Exercise prompt: Copy nothing past the line containing "大人気!ショップ風ブロック☆全6種☆ミニフィグ2体付☆LEGO 互換☆ブロック". Transcribe every line of the listing below up to and including it, from the first, except pictures.

Input records:
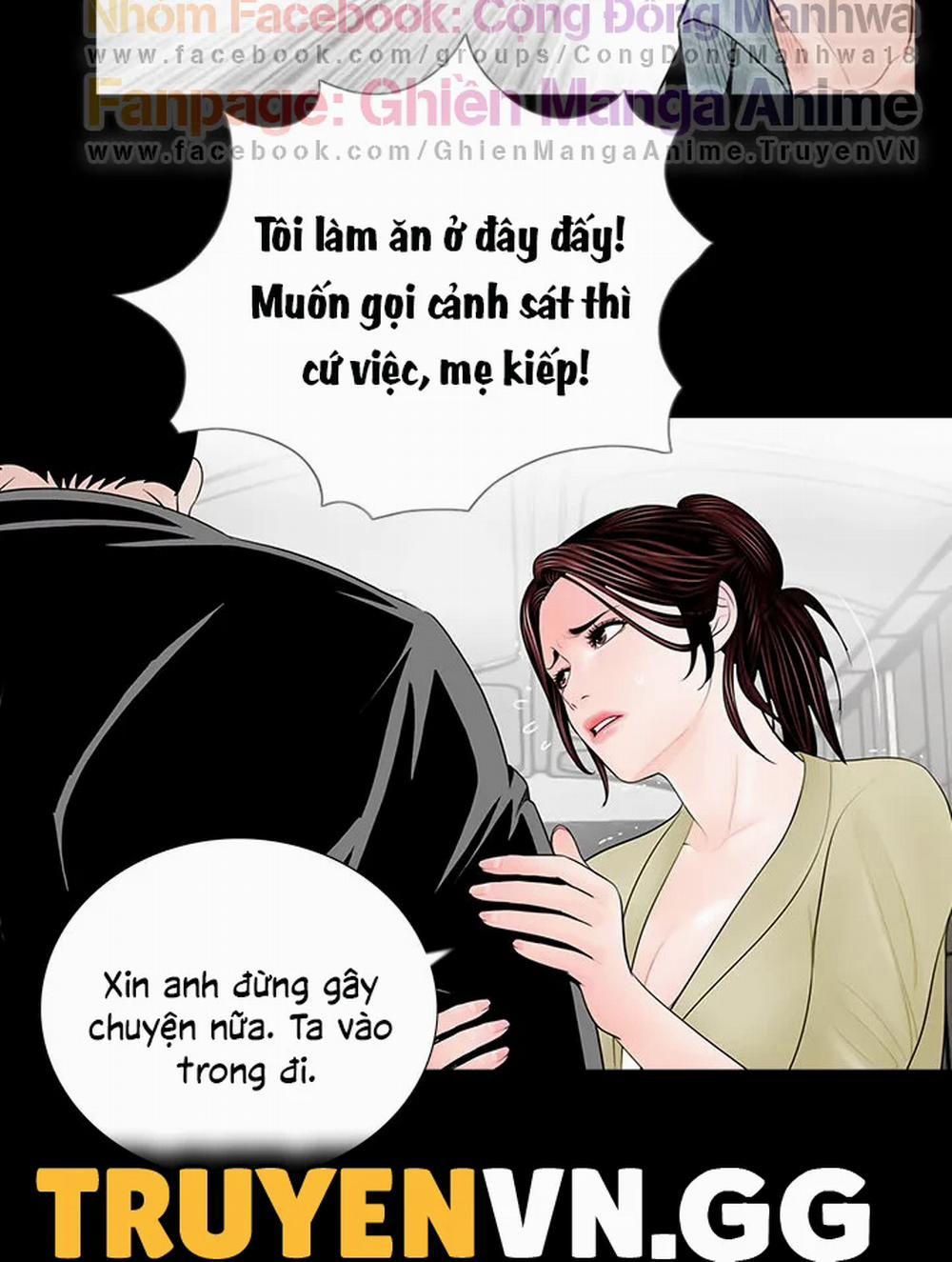 Cơn Ác Mộng 2 trang 41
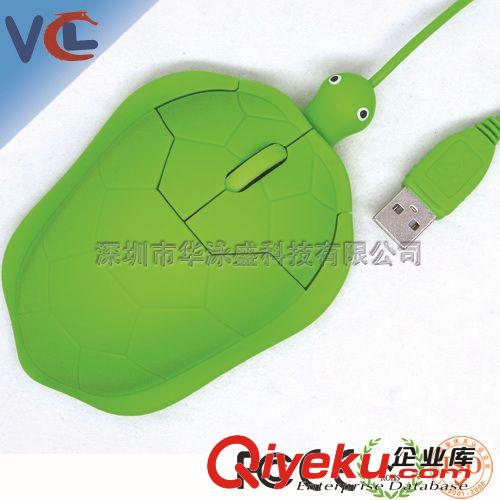 供應(yīng)mouse 電腦滑鼠 磨砂烏龜鼠標(biāo) 禮品鼠標(biāo) 專(zhuān)利烏龜新款鼠標(biāo)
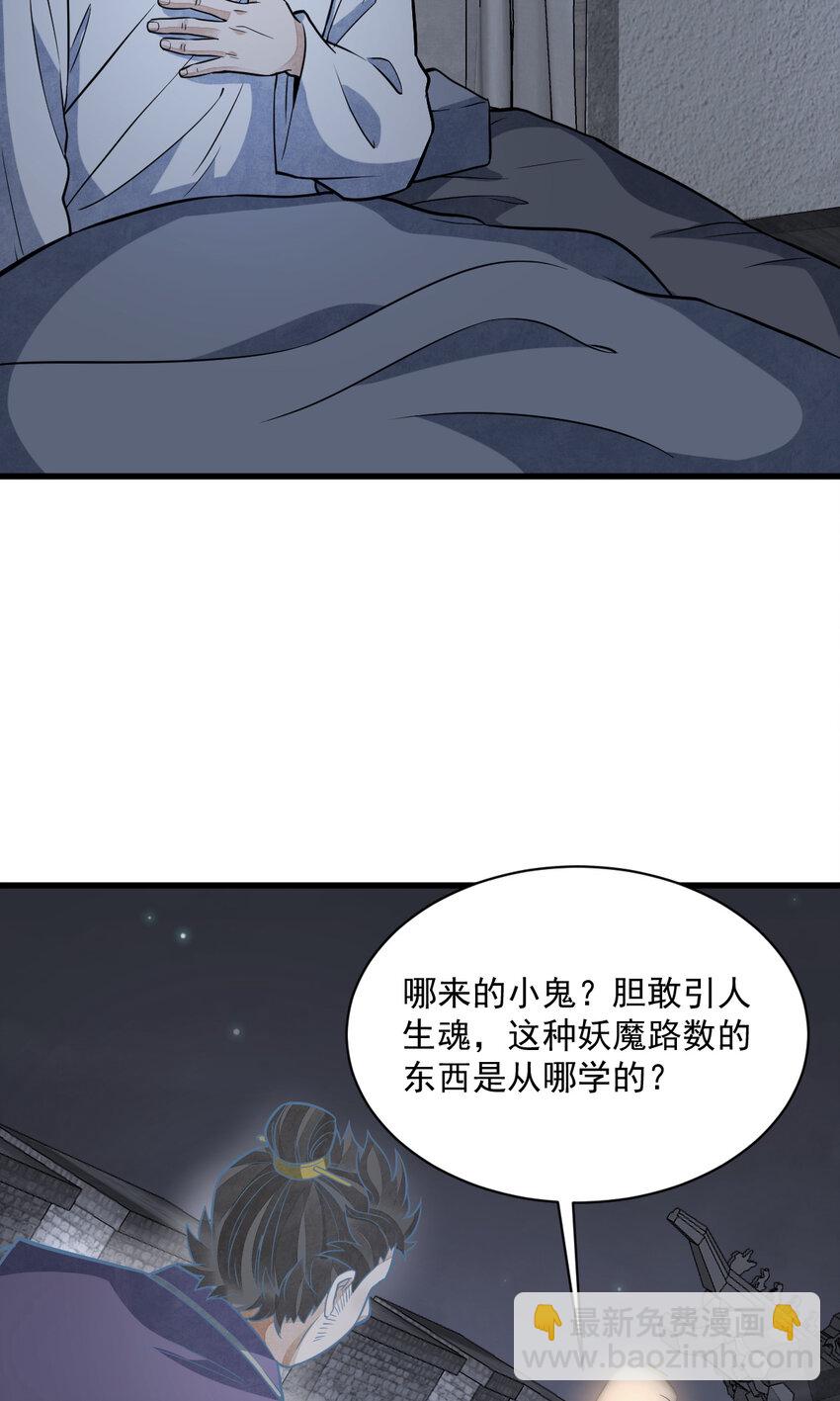 206 206-第208话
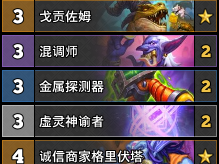 炉石传说莱尼莎骑卡组分享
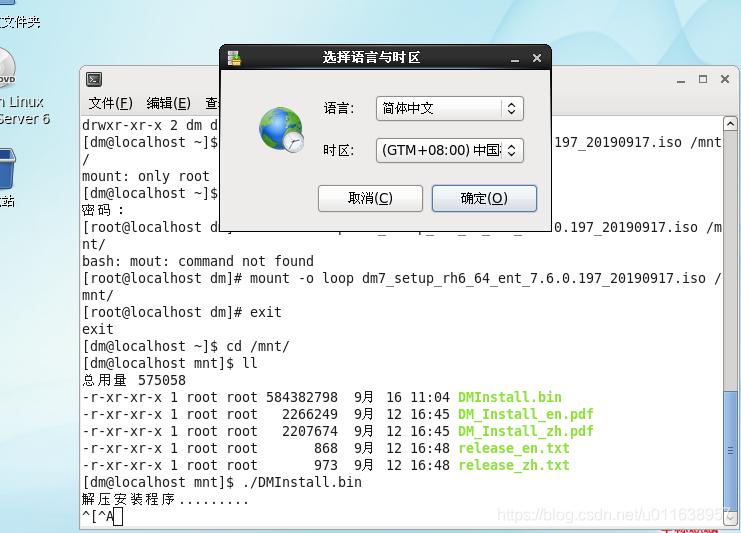 达梦如何支持mysql 达梦数据库怎么使用_达梦如何支持mysql_22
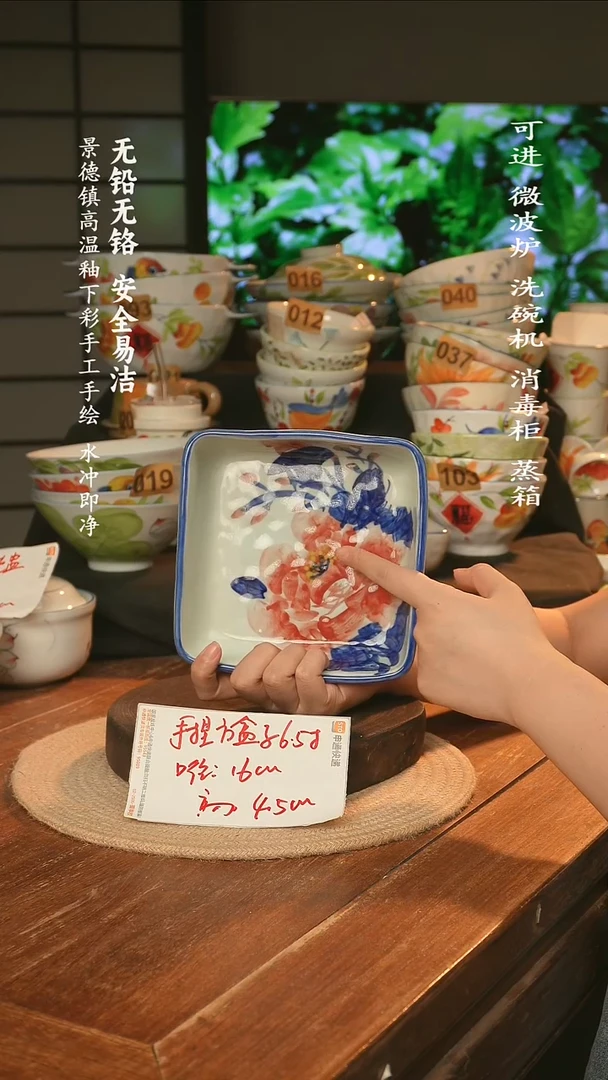 瓷景德镇高温瓷釉下彩手绘陶瓷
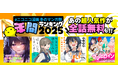 【ニコニコ漫画 年間ランキング2025】「バズったマンガ」など全4部門のTOP25を発表 次世代を担う新作漫画が部門上位を席巻！
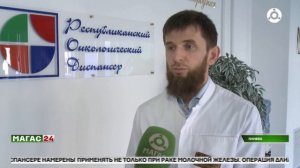 В онкодиспансере Ингушетии впервые провели высокотехнологичную малоинвазивную операцию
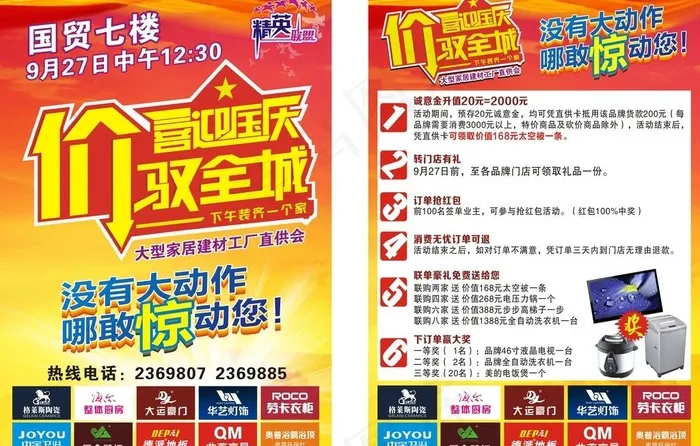 国庆彩页(291X426)cdr矢量模版下载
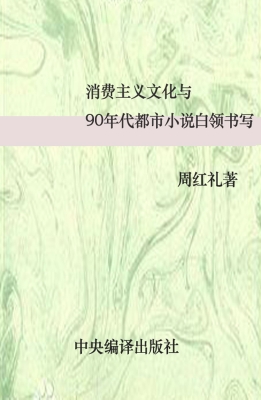 消费主义文化与90年代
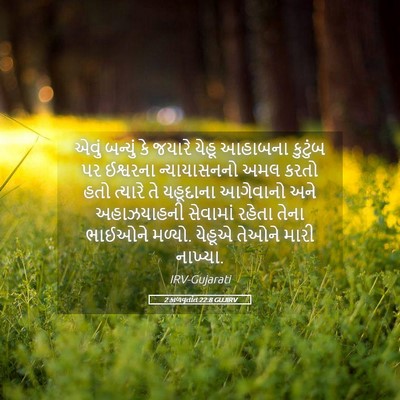 Picture 05 - 2 કાળવૃતાંત 22:8 GUJIRV - એવું બન્યું કે - Bible Verse Picture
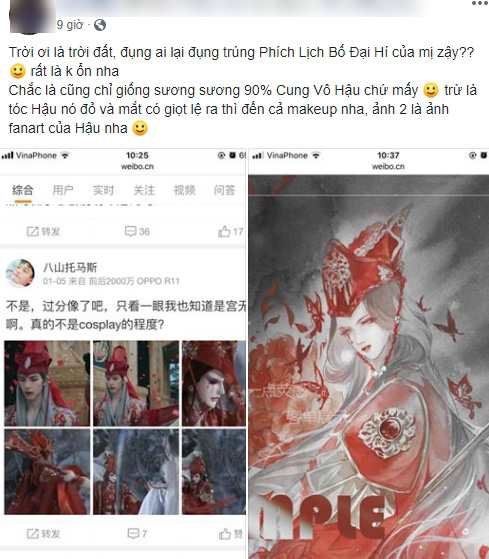Tạo hình Bạch Liên của Danis Đặng trong MV &quot;Canh Ba&quot; của Nguyễn Trần Trung Quốc bị tố đạo nhái bộ truyện nổi tiếng xứ Đài - Ảnh 4.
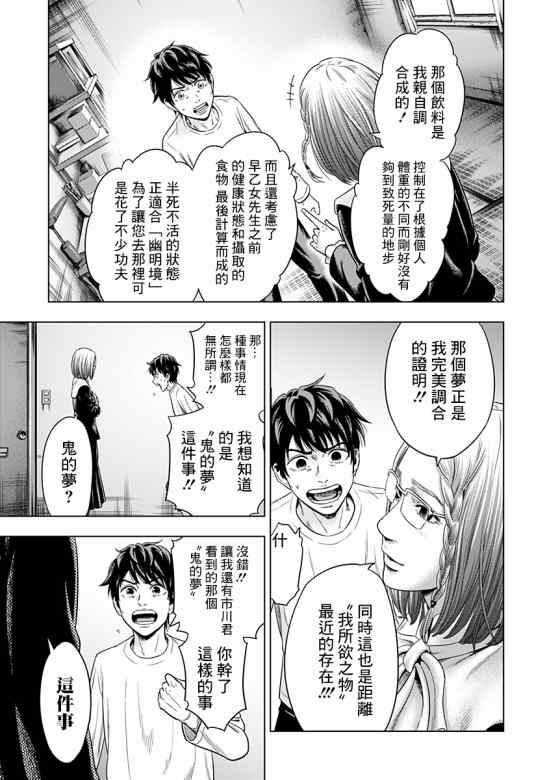 《自杀帮女》漫画最新章节第3话免费下拉式在线观看章节第【29】张图片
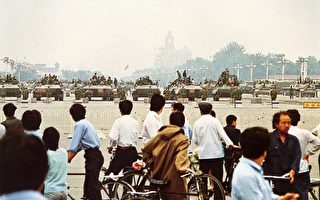 天安门广场上重兵驻守，一些市民在远处观看。（图片由全球纪念“六四”委员会提供）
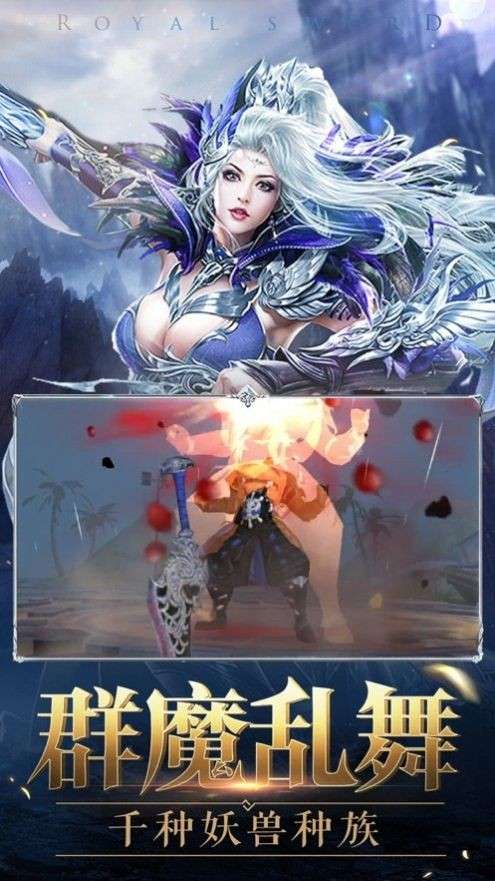 修仙生死录图1
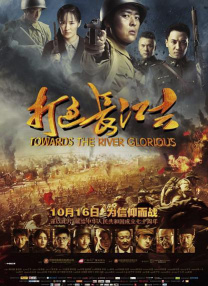 91热爆在线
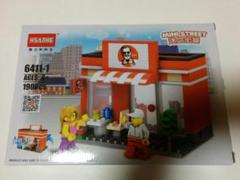 大人気!ショップ風ブロック☆全6種☆ミニフィグ2体付☆LEGO 互換☆ブロック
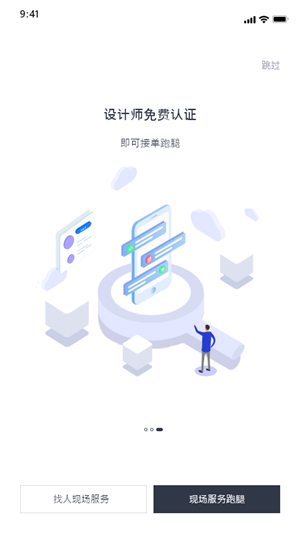 乐图易筑1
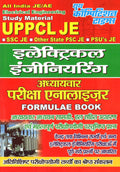 UPPCL JE Electrical Engineering Study Material Chapterwise Exam Analyser & Formula Book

Final answer:
 Cơn Ác Mộng 2 trang 41
 供應(yīng)mouse 電腦滑鼠 磨砂烏龜鼠標(biāo) 禮品鼠標(biāo) 專(zhuān)利烏龜新款鼠標(biāo)
 206 206-第208话
 炉石传说莱尼莎骑卡组分享
 达梦如何支持mysql 达梦数据库怎么使用_达梦如何支持mysql_22
 瓷景德镇高温瓷釉下彩手绘陶瓷
 【ニコニコ漫画 年間ランキング2025】「バズったマンガ」など全4部門のTOP25を発表 次世代を担う新作漫画が部門上位を席巻！
 В онкодиспансере Ингушетии впервые провели высокотехнологичную малоинвазивную операцию
 国庆彩页(291X426)cdr矢量模版下载
 消费主义文化与90年代
 Picture 05 - 2 કાળવૃતાંત 22:8 GUJIRV - એવું બન્યું કે - Bible Verse Picture
Tạo hình Bạch Liên của Danis Đặng trong MV &quot;Canh Ba&quot; của Nguyễn Trần Trung Quốc bị tố đạo nhái bộ truyện nổi tiếng xứ Đài - Ảnh 4.
 《自杀帮女》漫画最新章节第3话免费下拉式在线观看章节第【29】张图片
 天安门广场上重兵驻守，一些市民在远处观看。（图片由全球纪念“六四”委员会提供）
 修仙生死录图1
 91热爆在线
 大人気!ショップ風ブロック☆全6種☆ミニフィグ2体付☆LEGO 互換☆ブロック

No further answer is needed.